Dozens of pheasant and partridge shoots have already been called off, and as many as 70 percent of partridge shoots and nearly a third of planned pheasant shoots may ultimately be cancelled, according a report in the Guardian, which cites estimates by Guns On Pegs, a kind of Airbnb for booking shoots.

The shortage of birds has the potential to cause severe economic pain for the £2.4 billion industry in England, where as much as 75 percent of rural land is managed for some type of shooting, according to Dominic Boulton, policy advisor for the UK’s Game Farmers Association (GFA). At least 93 game keepers have already been laid off, and cancellation of shoots would affect beaters and caterers, as well as restaurant and inn owners and employees, all of whom rely on the influx of shooting clients each fall, Boulton told the Guardian.

The GFA began warning in March that a significant number of gamebird breeding sites in the Vendee and Loire Atlantique regions of France had confirmed cases of avian influenza in captive birds. “The result of this is that no eggs, chicks etc. can leave these disease control zones without a license. The GFA has been heavily involved in trying to find some resolution to these problems, but the situation is constantly changing and despite our best efforts there is currently no permanent solution in sight.”

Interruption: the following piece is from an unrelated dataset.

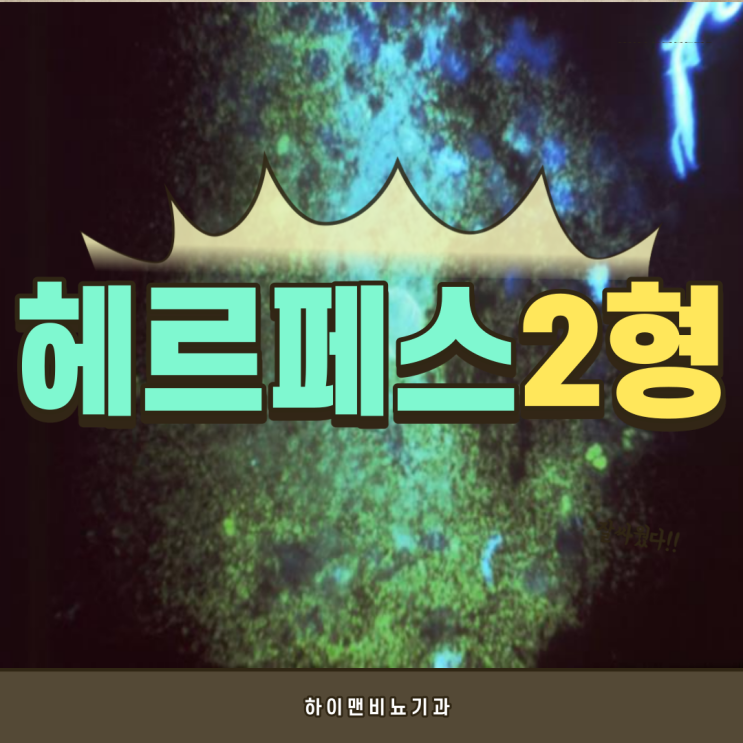  여자 헤르페스 2형 증상과 사진 완치는 되나요?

With only weeks to go before pheasant and partridge seasons open, there appears to be too little time to recover. “If you want to start shooting on 1 October, your birds need to be eight weeks old by the end of June when they can be released into the wild,” Boulton told the Guardian. New bird flu cases were detected in France into mid-June, and farmers there must wait 90 days after culling their flocks before they can resume international exports.

British hunters can still look forward to red grouse shooting, however, which relies on wild populations rather than reared and stocked birds. The “Glorious Twelfth,” the traditional red grouse opener that annually kicks off the UK’s shooting season, is Aug. 12.